→ TASK GOAL: Once the line with "Brais Abad Rodríguez" is found, repeat it and all later lines exactly through the end of the listing below, with the pictures left out.

___ PROVIDED DATA ___

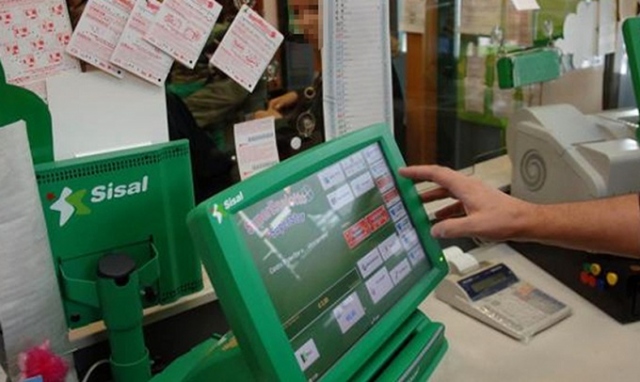 Noto, truffa a rivendita di tabacchi: denunciato 20enne campano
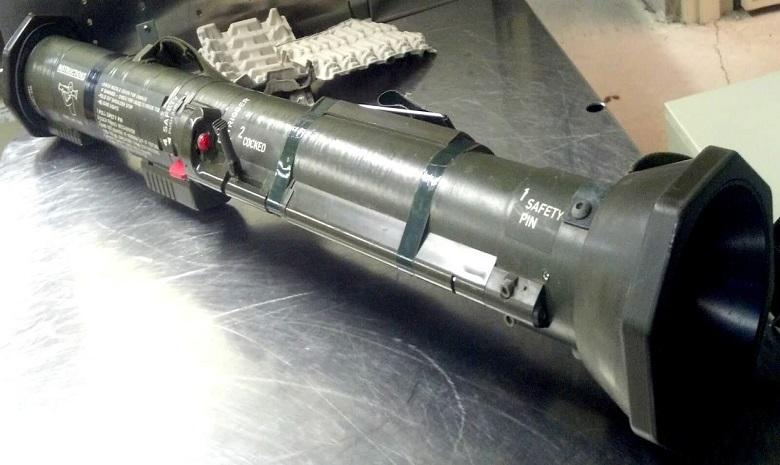Caught with rocket launcher at airport: “souvenir from Kuwait”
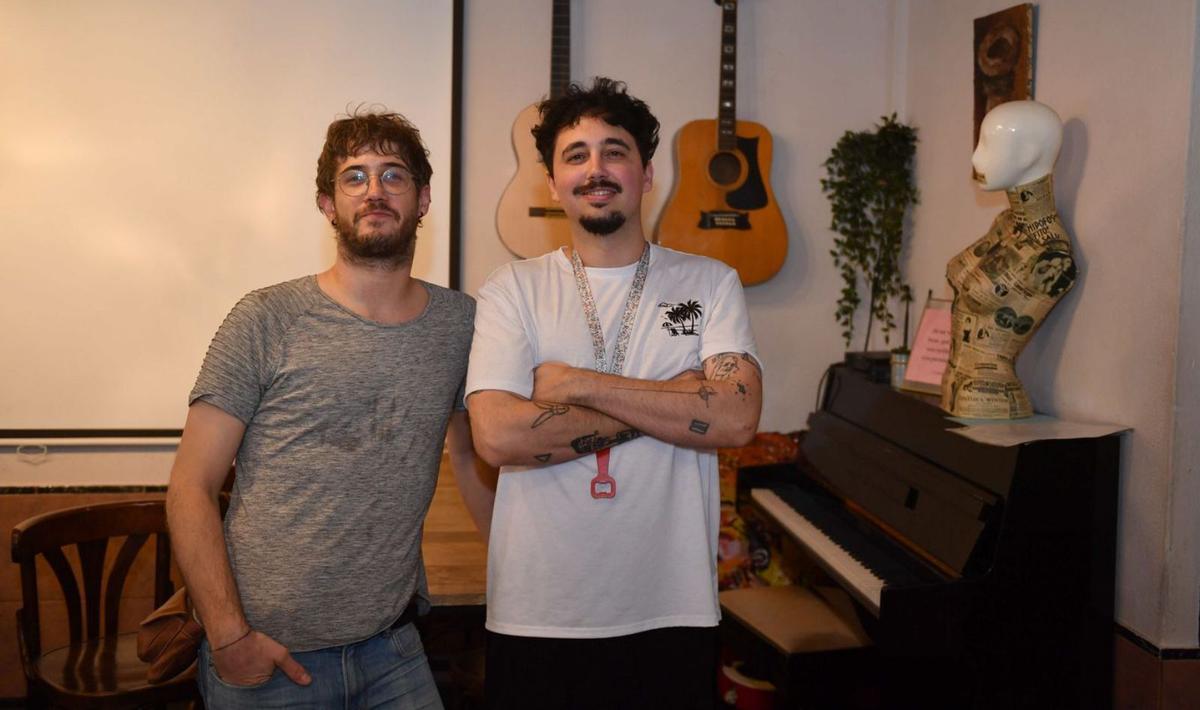 Brais Abad Rodríguez y Abraio Piñán Bermúdez, los dueños del bar Ateneo. | // IAGO LÓPEZ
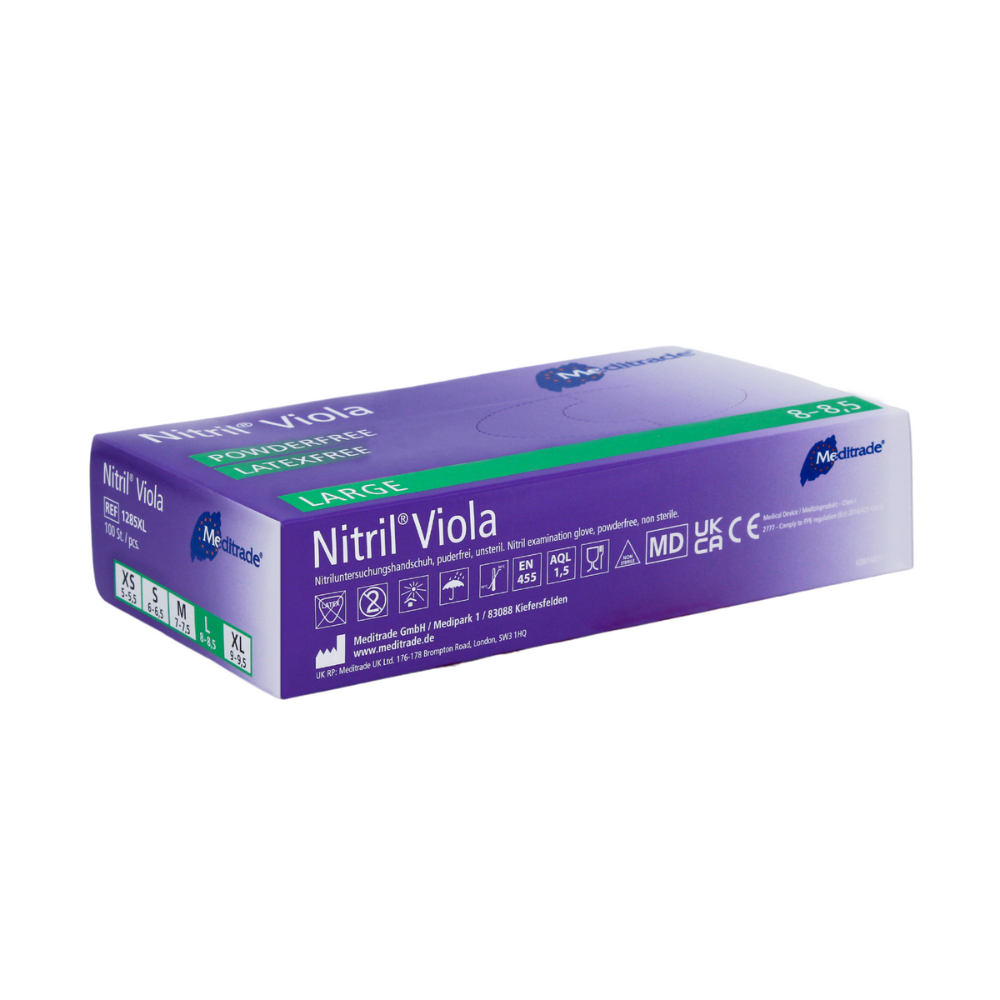 Eine Schachtel Meditrade Nitril® Viola Nitrilhandschuhe Farbig lila, Größe L, in einer violett-weißen Verpackung. Die Kennzeichnungen umfassen das CE-Symbol und andere medizinische Zertifizierungen der Meditrade GmbH.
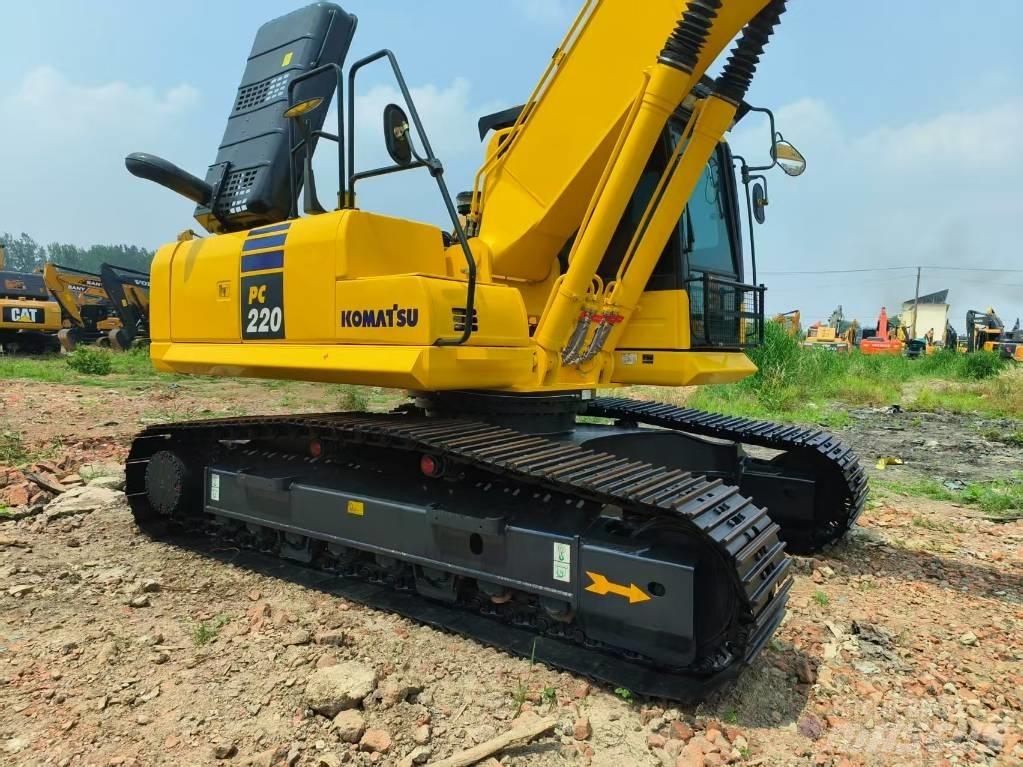 Komatsu PC 220-8 Vikšriniai ekskavatoriai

___

→ REPLY:
 Brais Abad Rodríguez y Abraio Piñán Bermúdez, los dueños del bar Ateneo. | // IAGO LÓPEZ
 Eine Schachtel Meditrade Nitril® Viola Nitrilhandschuhe Farbig lila, Größe L, in einer violett-weißen Verpackung. Die Kennzeichnungen umfassen das CE-Symbol und andere medizinische Zertifizierungen der Meditrade GmbH.
 Komatsu PC 220-8 Vikšriniai ekskavatoriai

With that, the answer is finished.